- Theatrical Release Poster.
- Directed by: Ajay Devaloka
- Screenplay by: Ajay Devaloka
- Story by: Ajay Devaloka
- Produced by: Vishakha Bokil
- Starring: Shine Tom Chacko; Shruthy Menon; Merin Mariya; Pearle Maaney; Rajeev Pillai;
- Cinematography: Amith Surendran
- Edited by: Ajay Devaloka
- Music by: Catharsis and Manikandan Ayyapa
- Production company: Corridor 6 Films
- Distributed by: Corridor 6 Films
- Release date: 26 October 2018;
- Country: India
- Languages: Malayalam English

= Who (2018 film) =

Who is a 2018 Indian English and Malayalam-language science fiction mystery film, written and directed by Ajay Devaloka as his directorial debut. The film features Shine Tom Chacko, Shruthy Menon, Pearle Maaney, Rajeev Pillai and Prashanth Nair (IAS) . The film was produced by Vishakha Bokil and co-produced by MF Anto under the banner of Corridor 6 Films. The teaser was released on YouTube in September.Who is the first time travel movie from Kerala. The movie had its official world premiere at the 71st Cannes film festival's market section on 15 May 2018. Who had a nationwide release in India in Malayalam language with English subtitles obtaining rave reviews from the critics. 'WHO' is now streaming on Amazon Prime worldwide.

==Synopsis==
A beautiful yet mysterious valley spread across 200 km. In Mercada, strange things happen every year on Christmas Day. A young girl, a dream interpreter, a criminal psychologist and a team of two police officers try to solve the puzzles in the valley.
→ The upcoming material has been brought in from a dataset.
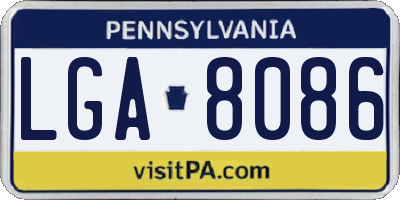 PA license plate LGA8086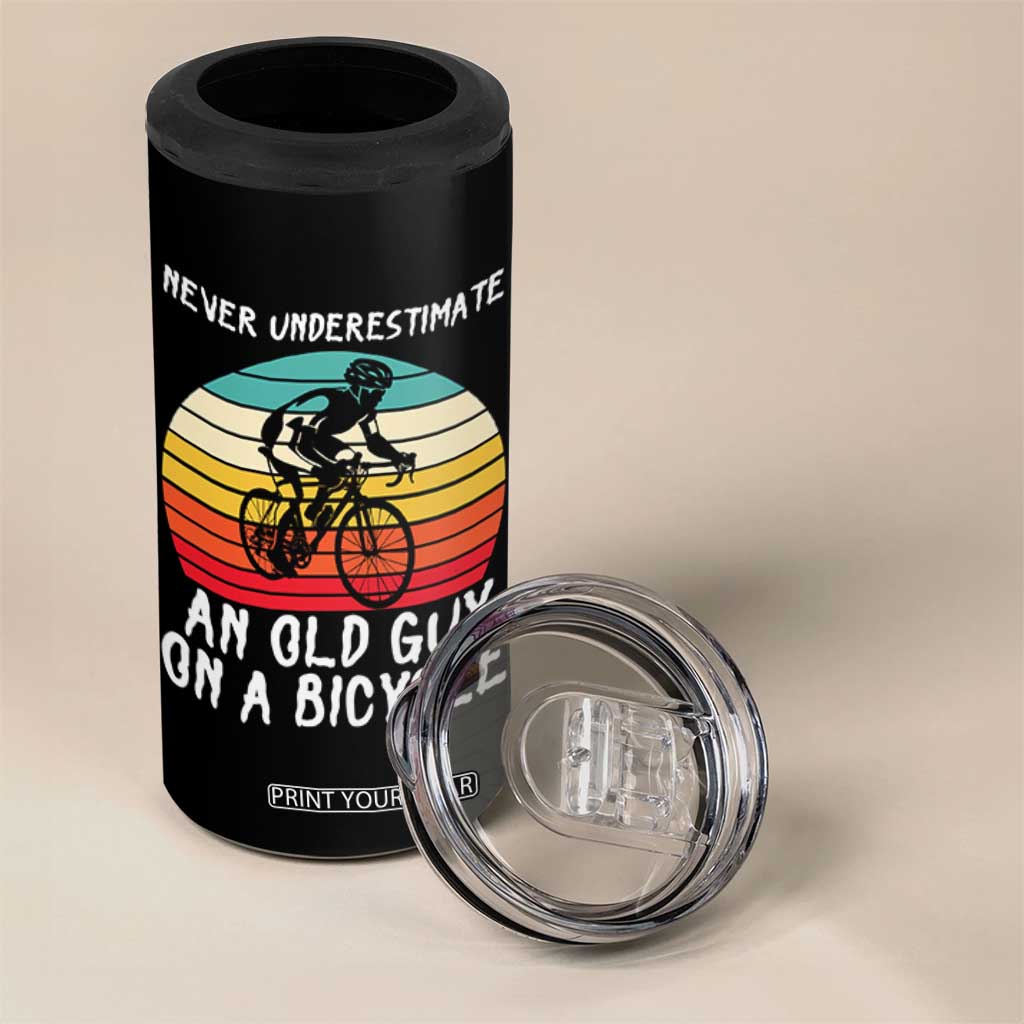 Never Underestimate An Old Guy On A Bicycle 4 in 1 Can Cooler Tumbler Cycling Lover Gift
The film deals with dream interpretation with an emphasis on magic realism. Time travel is another significant aspect of the movie which serves as a sequel to the yet to be released movie, Isabella. Set for a niche audience, the film is an Indie movie. Hollywood vocalist Uyanga Bold has sung a song for WHO.

== Production ==
===Filming===
Who began shooting June 2017 in Nainital, Uttarakhand, and took 20 days. Principal photography for the Who began in 2017 May at Munnar. Crew planned two months break from filming as Shine Tom Chacko had prior commitments. On 23 July Ajay Devaloka started the filming in Naintal with Natural lighting. Devaloka was adamant that he wanted virgin geography which no cinema viewer had ever seen. So they were lucky and got the apt place in Uttarakhand.
The film depends mostly on mist, so it was challenging to keep the continuity as well. Locations of many scenes were in remote places far away from each other, which made the crew uneasy. Ultimately the second schedule wrapped up after 23 days shoot for Pearle Maaney to reduce her weight. The movie was completed in 3 schedules.

The film was officially announced as Isabella and the title launch was done by director Mohan, who interestingly had a film Isabella as director in 1988.

==Release==
The movie had its official world premiere at the 71st Cannes film festival's market section on 15 May 2018. The film had its theatrical release on 10 October 2018 in India.

== Reception ==

=== Critical response ===
Nirmal Narayanan of IB Times wrote WHO is not everyone's cup of tea. But if you are the one who likes to enjoy films like 'Triangle' and 'Inception', book the tickets for this Ajay Devaloka directorial without any second thoughts.

== Music ==
Who is a Dolby Atmos motion picture. The Sound design is done by Vishakha Bokil and National award winner Sinoy Joseph is the mixing engineer in the film. The film was fully shot in Sync-Sound. Úyanga Bold who served as a vocalist for Hans Zimmer in the score of The Dark Knight lent her vocals for a song in the film.